§ **PROBLEM DETAILS**: Restate word for word all of the lines below, with each image left out.

§ **PROVIDED INFORMATION**:
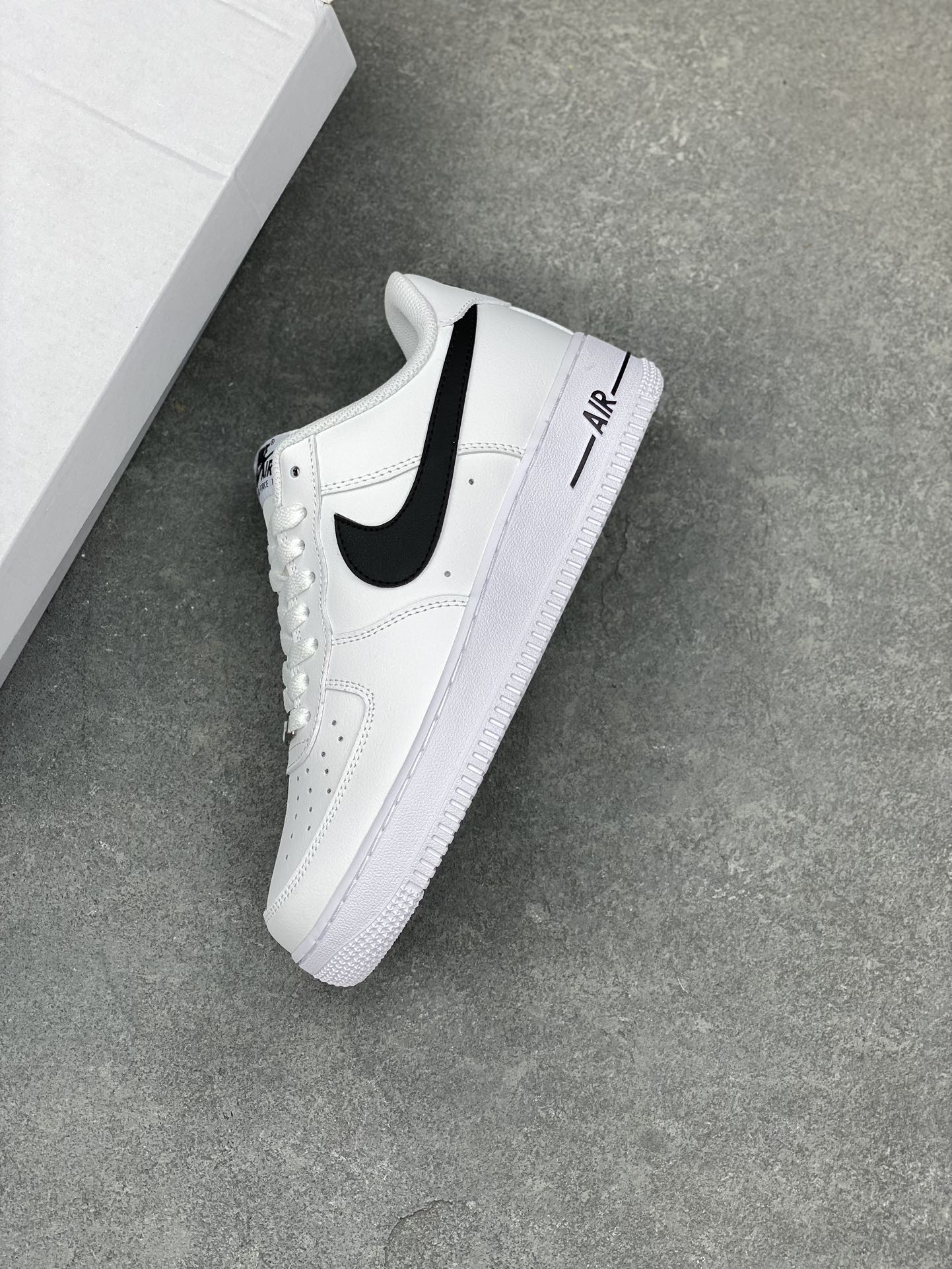NK Air Force 1 Low '07: White/Black, Fashionable, Durable, and Comfortable 8 i1681673906 7153 6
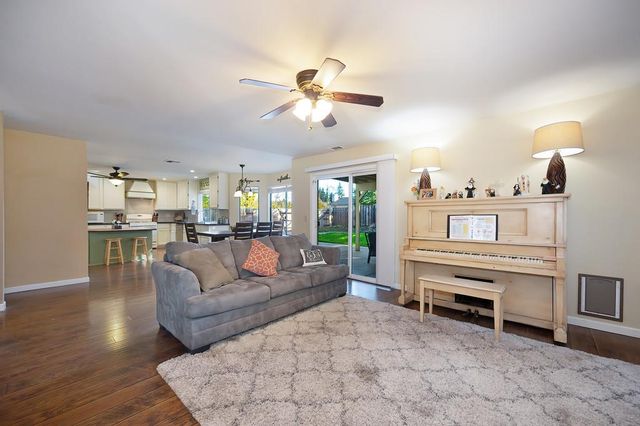 2836 Clemson Dr, Cameron Park, CA 95682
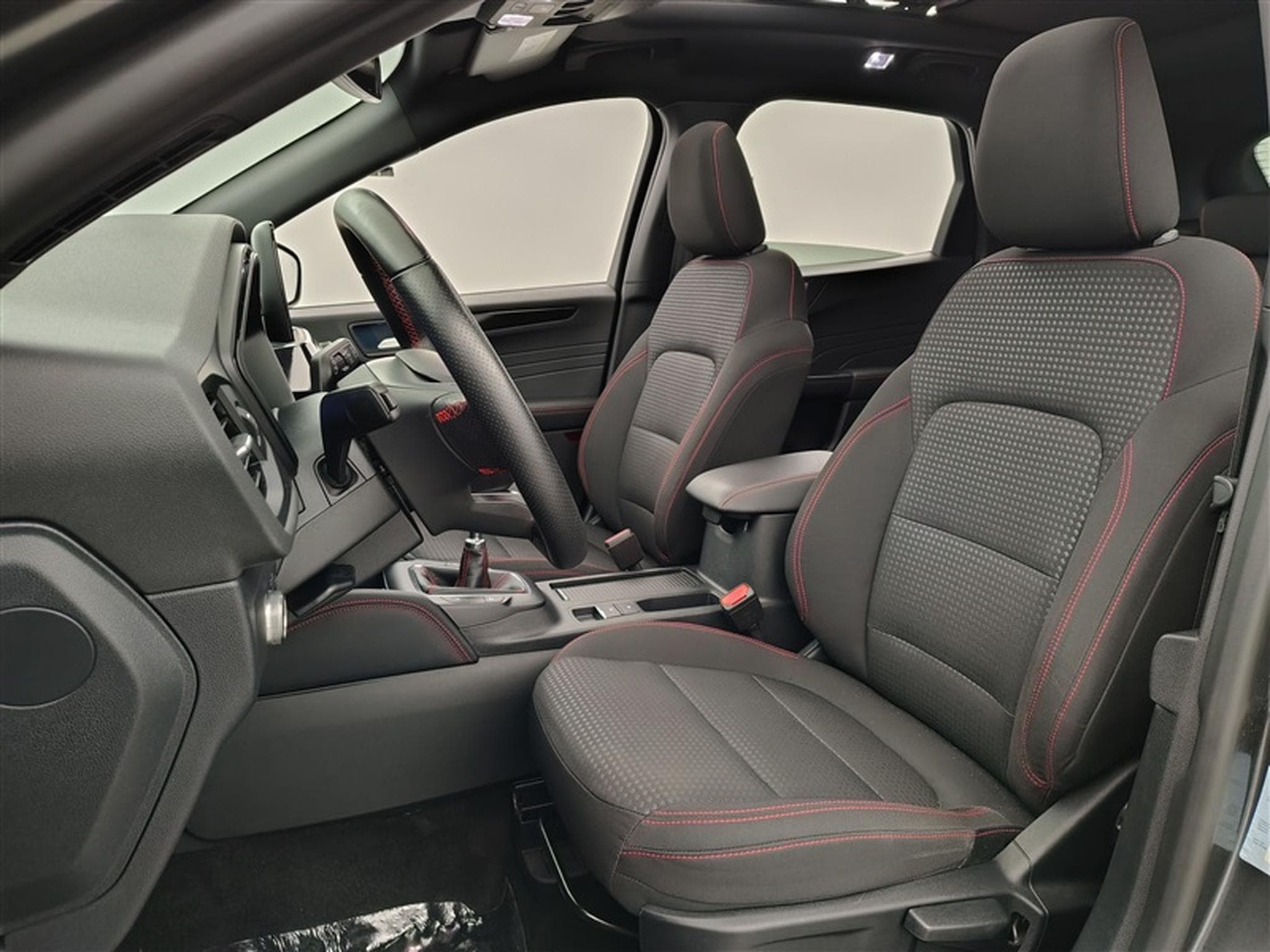 Ford Kuga 1.5 TDCi EB FWD ST-Line Navi / Led / Toit Pano / (2021) - Photo 7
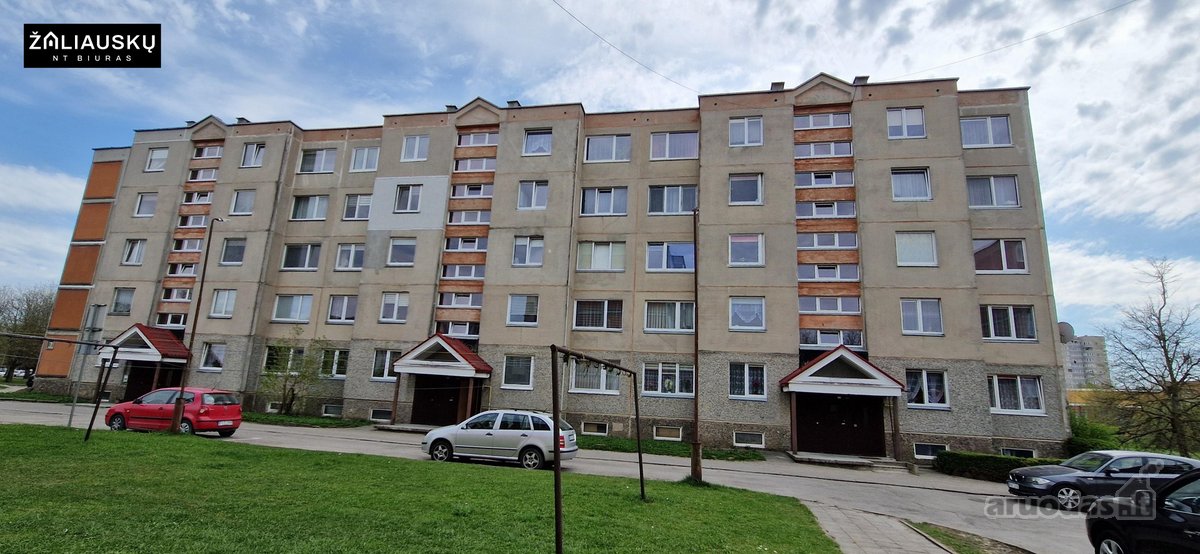 Šiauliuose Gytarių G.7 Parduodamas 1 Kambario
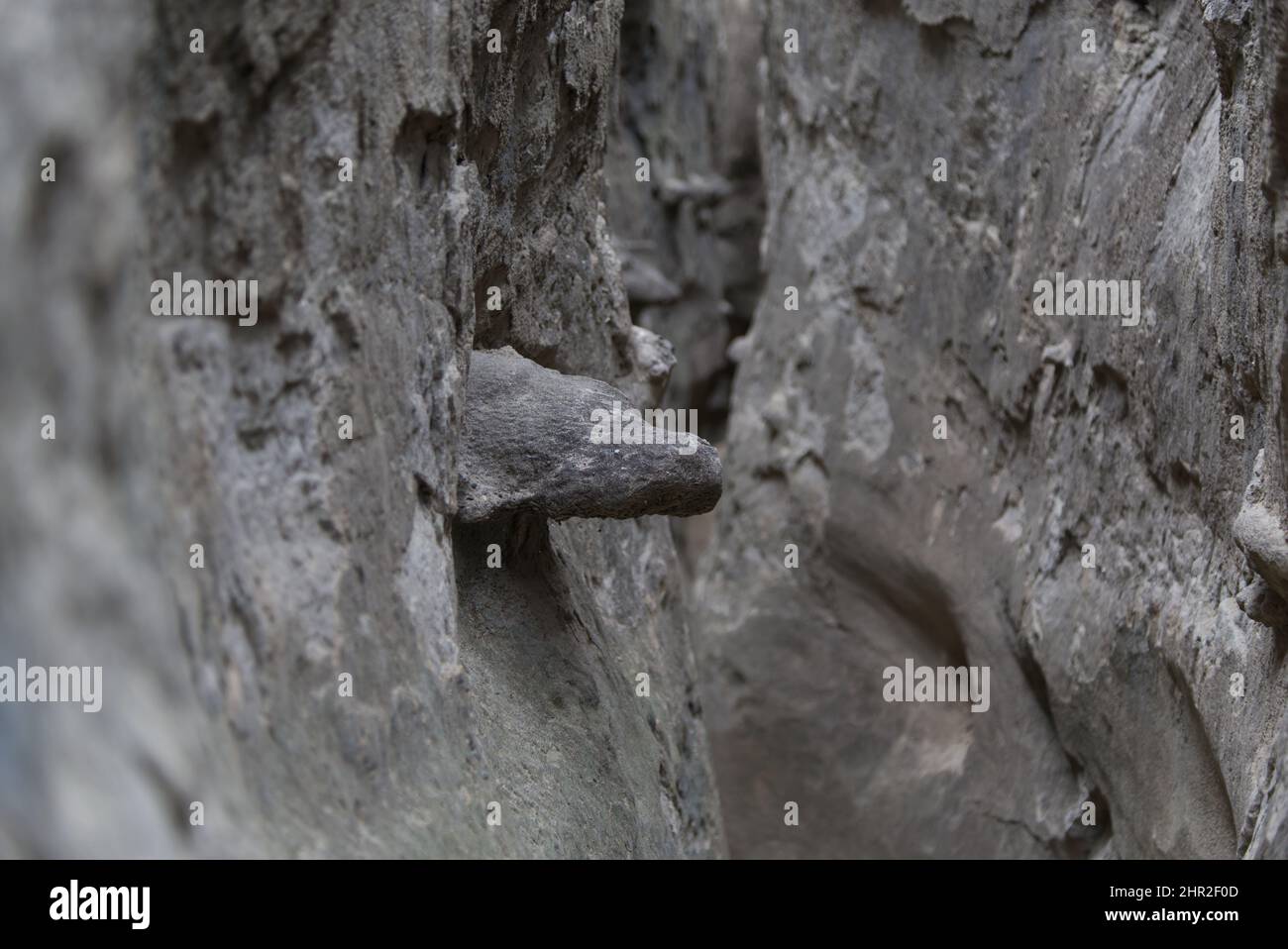 Le strette mura del sentiero Los Hoyos nel deserto grigio di Tatacoa, Colombia Foto Stock
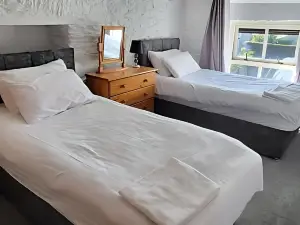 Crew's Apartment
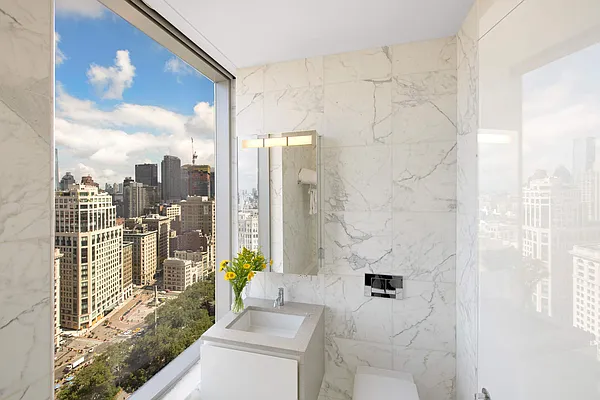 Sold by Compass | media 9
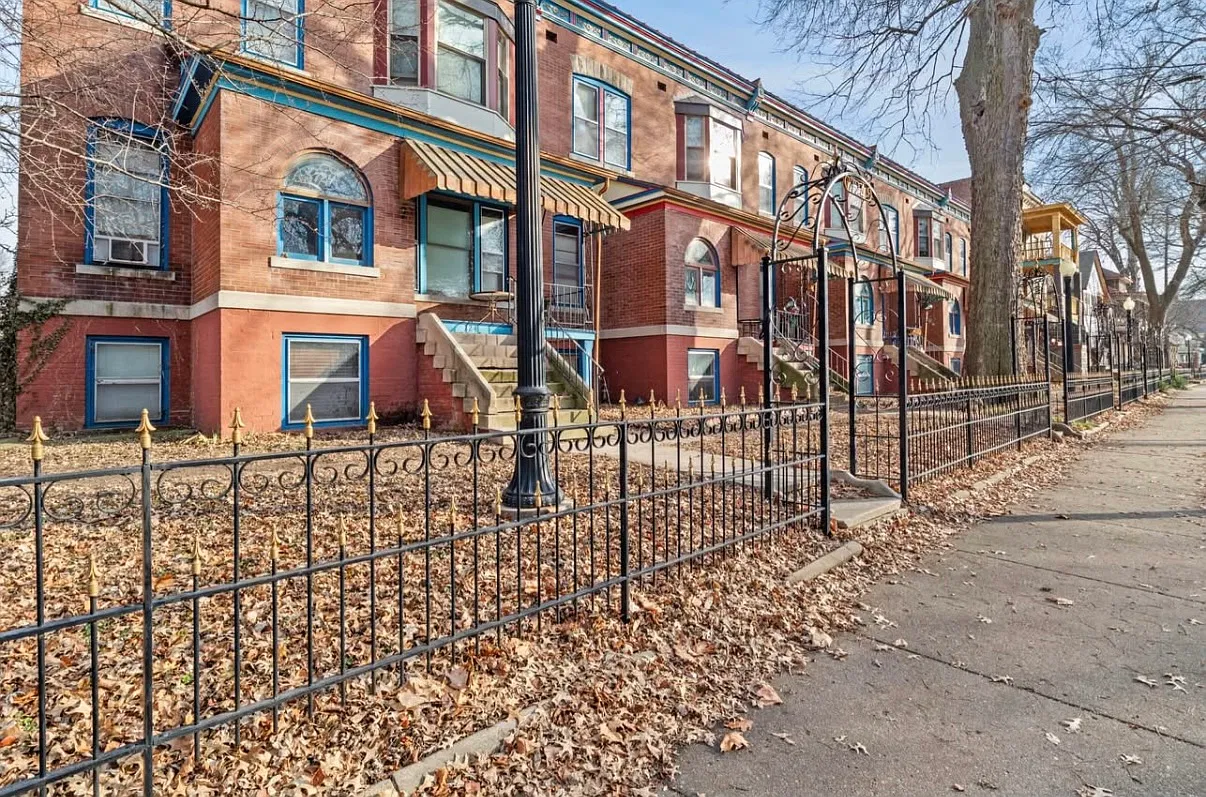 3 bed, $1,050 — Photo 1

§ **YOUR SOLUTION**:
NK Air Force 1 Low '07: White/Black, Fashionable, Durable, and Comfortable 8 i1681673906 7153 6
 2836 Clemson Dr, Cameron Park, CA 95682
 Ford Kuga 1.5 TDCi EB FWD ST-Line Navi / Led / Toit Pano / (2021) - Photo 7
 Šiauliuose Gytarių G.7 Parduodamas 1 Kambario
 Le strette mura del sentiero Los Hoyos nel deserto grigio di Tatacoa, Colombia Foto Stock
 Crew's Apartment
 Sold by Compass | media 9
 3 bed, $1,050 — Photo 1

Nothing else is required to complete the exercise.